KPK dalami praktik pelunasan cepat calon haji khusus

Update: 2025-09-12 06:10 GMT

Umat Islam melakukan tawaf di Masjidil Haram, Makkah, Arab Saudi, Minggu (22/6/2025). Sebagian jamaah haji dari berbagai negara menunaikan Tawaf Wada atau tawaf perpisahan sebagai rangkaian terakhir sebelum meninggalkan kota Makkah setelah menyelesaikan seluruh rangkaian ibadah haji. ANTARA FOTO/Andika Wahyu/foc.

Komisi Pemberantasan Korupsi (KPK) mendalami modus pengaturan pelunasan untuk calon jemaah haji khusus yang hanya diberi waktu selama lima hari kerja.

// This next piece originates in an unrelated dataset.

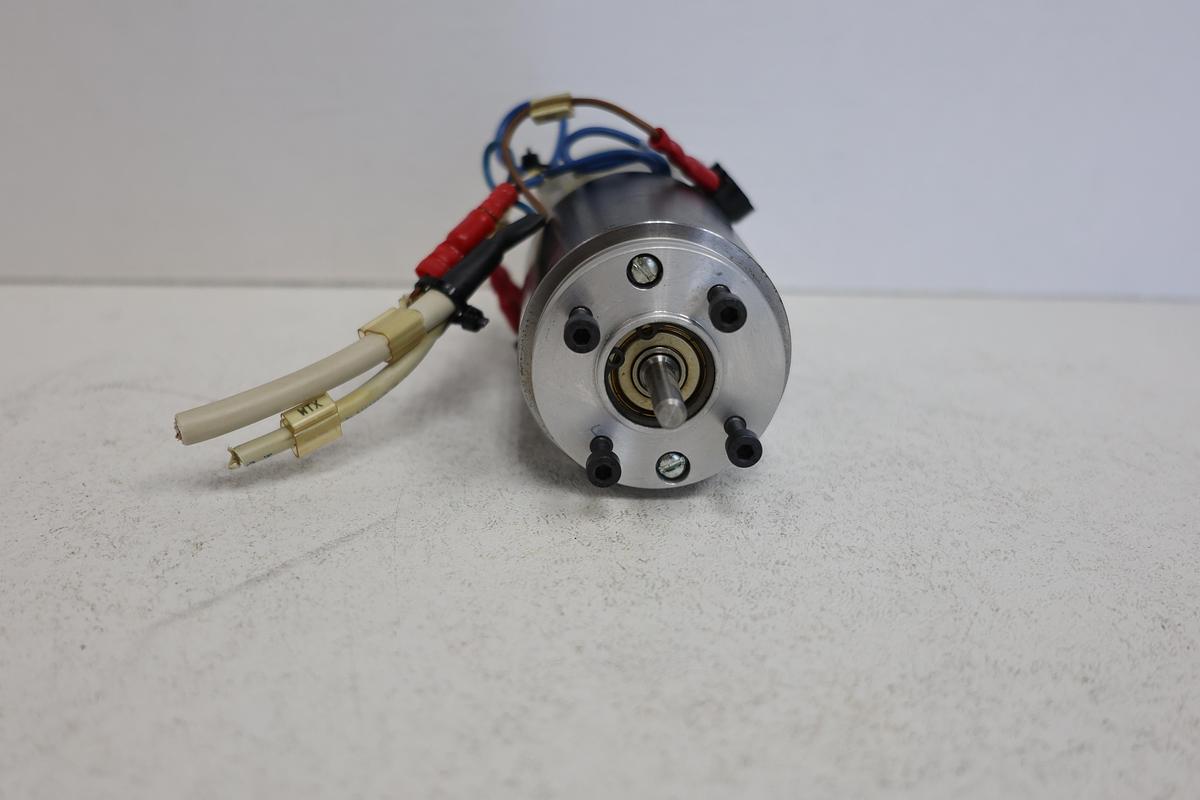 Used PMT Europe M586 DC Servo Motor M586 0606 13TFU Industrial Motor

“Penyidik mendalami modus pengaturan jangka waktu pelunasan yang dibuat mepet atau ketat bagi calon jemaah haji khusus yang telah mendaftar dan mengantre sebelum tahun 2024, yaitu hanya dikasih kesempatan selama lima hari kerja,” ujar Juru Bicara KPK Budi Prasetyo kepada para jurnalis di Jakarta, Jumat.

Budi menjelaskan pendalaman tersebut dilakukan KPK saat memeriksa Kepala Pusat Data dan Teknologi Informasi (Kapusdatin) Badan Penyelenggara Haji Moh. Hasan Afandi sebagai saksi kasus dugaan korupsi penentuan kuota dan penyelenggaraan ibadah haji pada Kementerian Agama tahun 2023–2024, yakni pada Kamis (11/9).

“Penyidik menduga ini dirancang secara sistematis agar sisa kuota tambahan tidak terserap dari calon jemaah haji yang sudah mengantre sebelumnya, dan akhirnya bisa diperjualbelikan kepada PIHK (penyelenggara ibadah haji khusus) yang sanggup membayar fee (biaya, red.),” katanya melanjutkan.

Selain itu, dia mengatakan KPK mendalami secara teknis jemaah haji khusus yang urutannya paling akhir, yakni baru membayar 2024, namun bisa langsung berangkat haji tahun 1445 Hijriah/2024 Masehi.

Diketahui, Moh, Hasan Afandi sebelum menjabat sebagai Kapusdatin BP Haji sempat mengemban jabatan Kepala Subdirektorat Data dan Sistem Informasi Haji Terpadu Kemenag.

Sebelumnya, KPK mengumumkan memulai penyidikan perkara dugaan korupsi dalam penentuan kuota dan penyelenggaraan ibadah haji pada Kementerian Agama tahun 2023-2024, yakni pada 9 Agustus 2025.

Pengumuman dilakukan KPK setelah meminta keterangan kepada mantan Menteri Agama Yaqut Cholil Qoumas dalam penyelidikan kasus tersebut pada 7 Agustus 2025.

Pada saat itu, KPK juga menyampaikan sedang berkomunikasi dengan Badan Pemeriksa Keuangan (BPK) RI untuk menghitung kerugian keuangan negara dalam kasus kuota haji tersebut.

Pada 11 Agustus 2025, KPK mengumumkan penghitungan awal kerugian negara dalam kasus tersebut mencapai Rp1 triliun lebih dan mencegah tiga orang untuk bepergian ke luar negeri, salah satunya adalah mantan Menag Yaqut Cholil Qoumas.

Selain ditangani KPK, Pansus Angket Haji DPR RI sebelumnya juga menyatakan pihaknya telah menemukan sejumlah kejanggalan dalam penyelenggaraan ibadah haji tahun 2024.

Titik poin utama yang disorot pansus adalah perihal pembagian kuota 50 berbanding 50 dari alokasi 20.000 kuota tambahan yang diberikan Pemerintah Arab Saudi.

Saat itu, Kementerian Agama membagi kuota tambahan 10.000 untuk haji reguler dan 10.000 untuk haji khusus.

Hal tersebut tidak sesuai dengan Pasal 64 Undang-Undang Nomor 8 Tahun 2019 tentang Penyelenggaraan Ibadah Haji dan Umrah, yang mengatur kuota haji khusus sebesar 8 persen, sedangkan 92 persen untuk kuota haji reguler.